I've observed some performance degradation when writing large files. jfsCommit reaches nearly 100% cpu use and the write rate slows to a crawl. I've done a lot of digging, and I think I know the cause. In summary, I believe txUpdateMap is spending a *lot* of extra time re-writing the persistent block maps when extending the last xad in the file's xtree. xtLog stores the *entire last xad* for update, and when appending a large file on a sparsely allocated volume this xad might cover a lot of blocks. And this causes each commit to update millions of already allocated blocks.
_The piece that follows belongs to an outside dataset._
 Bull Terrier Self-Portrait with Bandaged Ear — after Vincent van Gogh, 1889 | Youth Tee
As the file grows the total number of updates grows exponentially causing huge performance loss.
The reason I investigated this was a 320GB file write slowed to about 7-10MB/s when the underlying RAID volume can usually write 400MB/s. jfsCommit cpu was 99.4% at the same time. For the record I'm running Linux 18.104.22.168-83.fc14.x86_64.
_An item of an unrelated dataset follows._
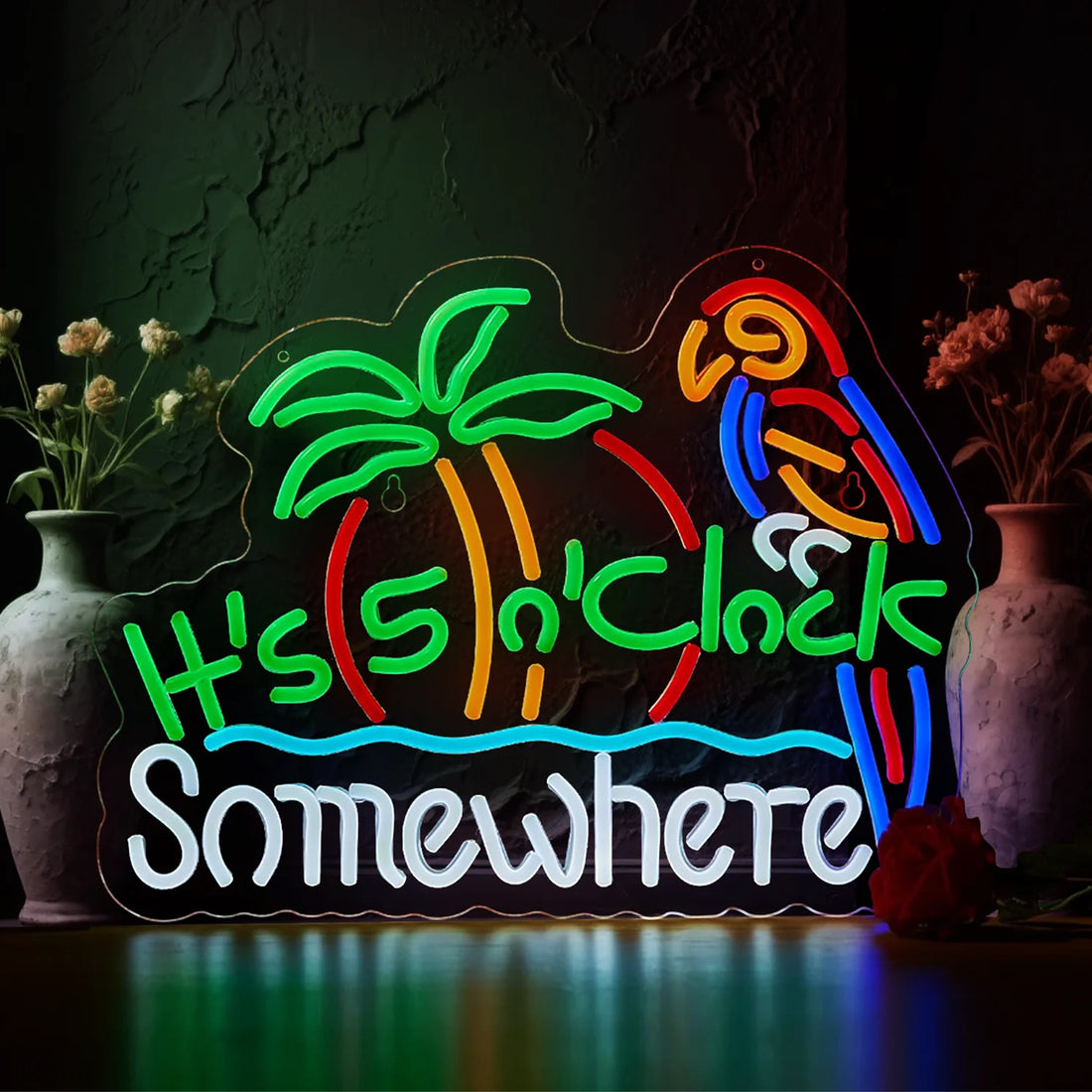 Parrot Neon Sign Led Dimmable Palm Tree Sun Neon Light Wall Hanging Decor for Man Cave Bar Beer Garage USB Powered Neon Art Sign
I confirmed the file was not fragmented by dumping out the xtree for the inode in question. (I used some hacky python code that I wrote for exploring JFS volumes, and I used sync and drop_caches to ensure metadata was flushed out to the disk).
Here's the xtree (4kb allocation size), and each tuple is (offset, address, length):
(0, 336166839, 1)
(1, 992337163, 2)
(3, 992398076, 1)
(4, 992471283, 22)
(26, 992771329, 13861631)
(13861657, 1026074340, 14113052)
(27974709, 1059503188, 14238636)
(42213345, 1093863162, 2)
(42213347, 1094345396, 175)
(42213522, 1094345577, 91)
(42213613, 1094588258, 12707998)
(54921611, 1115498095, 1)
(54921612, 1115498097, 2)
(54921614, 1115787154, 1)
(54921615, 1116292353, 102)
(54921717, 1116650670, 39713)
(54961430, 1116695739, 16777215)
(71738645, 1133472954, 6404161)
The performance issue occurred while writing the last 50 GB or so which is consistent with the last two XADs. When the file was around 266Gib long the last xad (at offset 54961430) would have had around 10M blocks. Every commit would have updated 10M blocks, until the xad overflowed and the new xad at offset 71738645 was created. And sure enough, when the file got to be around 293Gib the performance went up again but slowly fell again.
This should be reproducible by writing a large file on a large empty volume. As each xad fills the number of blocks being updated will increase and the total number of updates will grow exponentially causing the write to slow down. Once the xad overflows performance should go up again.